Songs like ‘Garden Song’ and ‘I See You’ are pretty indie tracks, perfect for a breakup playlist or mixtape. Talking about Trump supporting mothers and drinking to lose resentment she combines her signature luscious vocals, guitar picking and witty lyricism. They set the tone for an album that breaks no boundaries but is sad, yet soothing, and an enjoyable listen.
‘Kyoto’ is a highlight of the album, discussing imposter syndrome and the loneliness of travelling alone. The music video looks like someone playing around on iMovie with green screens, basic but in keeping with the persona Bridgers has created. Despite being internationally renowned and undoubtedly talented, her twitter and image seem to make fans feel like she is just one of them. Similarly, on the Jimmy Kimmel rendition of the track, whilst sitting in the bath singing into what looks like a child’s microphone her enchanting voice shines through, and her simple talent is clear.
‘Punisher’ and ‘Halloween’ are both dark tracks which create an almost ethereal space that the listener gets pulled into. The guitars within the track are smooth, almost liquid, to the point where a harp would be fitting. In ‘Halloween’, her long-term collaborator, Conor Oberst of Bright Eyes sings, acting as the ghost, within the wind-like wails. The album as a whole is a big collaborative effort, featuring big names like Jenny Lee Lindenberg, Nick Zimmer and artists like Lucy Dacus, Julien Baker and Christian Lee Hutson who she worked with for Boygenius and Better Community Oblivion Centre.

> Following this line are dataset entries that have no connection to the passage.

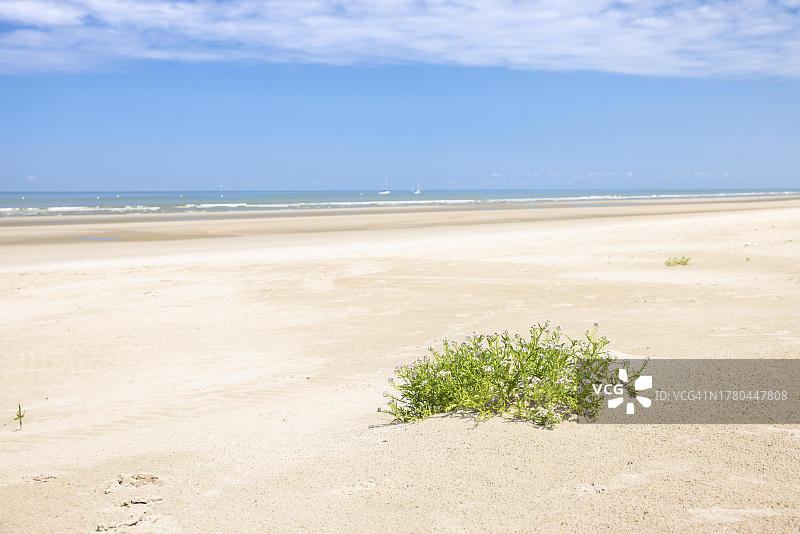 德帕内北海沿岸的沙丘景观（比利时弗兰德）图片素材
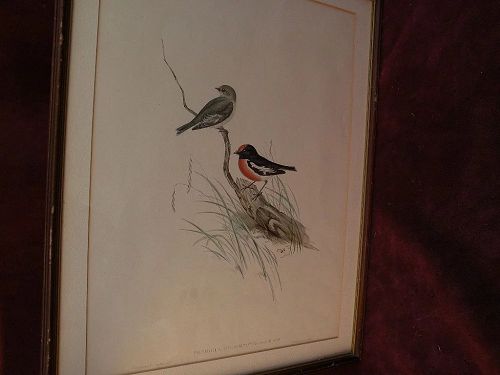 JOHN GOULD (1804-1881) hand colored bird lithograph by noted naturalist and illustrator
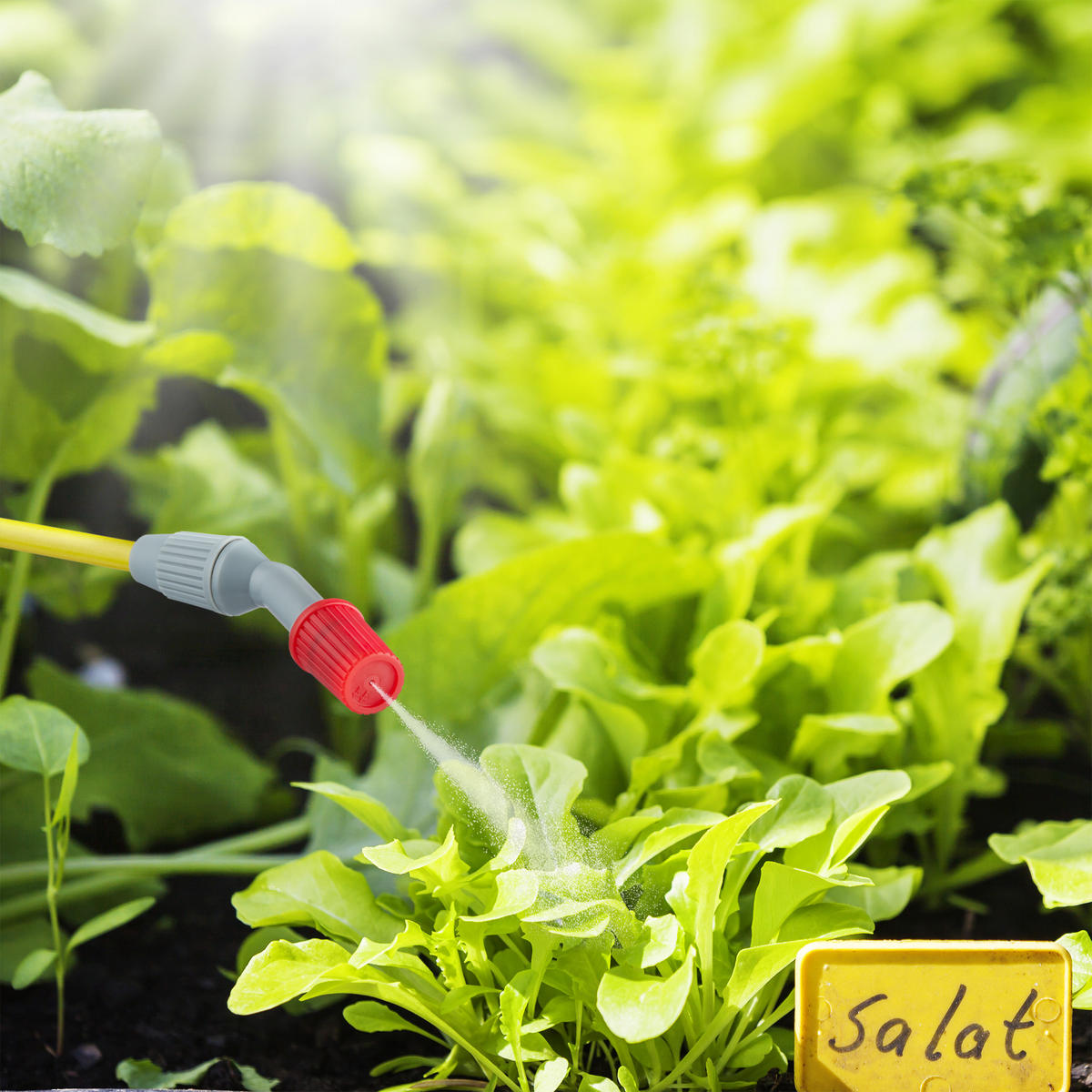 DRUCKSPRÜHER - Weiß, Kunststoff (65/45/17.5cm) - Relaxdays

This can be seen in the breadth of sound that this album boasts compared to the first. There are clear layers of ideas within the music that come together to support and lift up Bridgers. ‘Chinese Satellite’ is a good example of this, one of the most powerful tracks on the record which could do extremely well live. There are big crescendos throughout the track, leading into the chorus, making it one of the most exciting and interesting to listen to songs on the record.
The last half of the record is the most similar to her previous album, with ‘Moon Song’ and ‘Saviour Complex’ that carry her classic indie-folk sound. ‘Graceland Too’ is a beautiful track and the most folky on the album. It makes it clear where the Joni Mitchell comparisons come from. Finally, ‘I Know the End’ brings the album to a triumphant close, which Bridgers’ described as her ‘metal track’ in an interview. Experimenting with screams and brass, the song is far from metal, but slightly akin to Beirut’s ‘Postcards From Italy’. This song really highlights what she is capable of and sets the tone for any future releases. ‘I’m not afraid to disappear/ the end is near’ is repeated to the track which will speak to many during tough times and provide a comfort blanket to indie teenagers and adults alike.